Objectives: To describe the clinical features and outcomes of 17 patients with primary antiphospholipid syndrome (PAPS) or antiphospholipid antibodies (aPL) and diffuse alveolar hemorrhage (DAH).
Methods: We reviewed the medical records of all patients diagnosed with PAPS-associated DAH and aPL-associated DAH between January 1, 1997, and December 31, 2013, for clinical features, laboratory and radiographic findings, management, and outcomes.

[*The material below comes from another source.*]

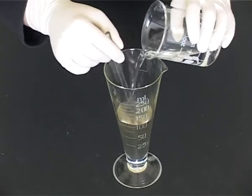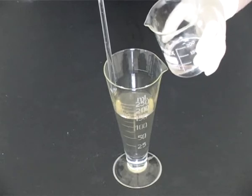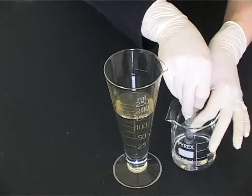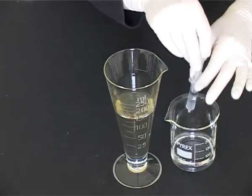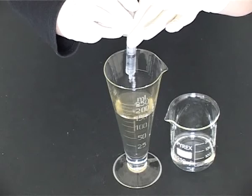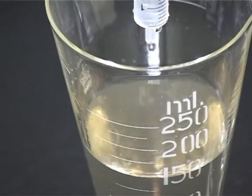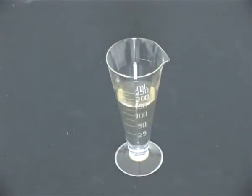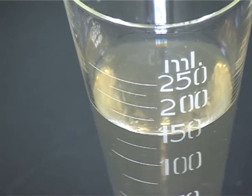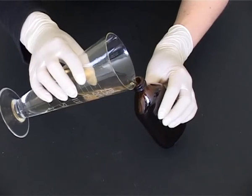Stir and then add the appropriate vehicle to make up to volume, remembering to remove the stirring rod. Transfer the solution to an amber, flat, medical bottle with a child-resistant closure.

Results: A total of 17 patients met the criteria for DAH and had aPL and 10 patients met the criteria for PAPS. The mean age at DAH diagnosis was 57.6 years. Secondary causes of DAH were ruled out. Surgical lung biopsy was performed in 6 cases, 5 of whom had bland hemorrhage. Pulmonary capillaritis was present in only 1 case. Four patients (3 with aPLs and 1 with PAPS) achieved complete remission despite receiving no treatment. The majority of patients treated received initial corticosteroids. Additionally, cyclophosphamide (2 cases), rituximab (1 case), plasma exchange (2 cases), methotrexate (1 case), azathioprine (1 case), and hydroxychloroquine (2 cases) were used. In total, 10 patients (59%) achieved complete and sustained remission with a median length of follow-up of 48 months. Four patients (23%) died (2 with PAPS and 2 with aPLs), all from uncontrolled DAH. Three patients (18%) relapsed after achieving complete remission.
Conclusions: DAH is a rare complication of PAPS that can also arise de novo in aPL-positive individuals. Lung pathology shows either bland hemorrhage or capillaritis. Recognition of this unusual but known complication is important, since early diagnosis and therapy could potentially affect outcomes.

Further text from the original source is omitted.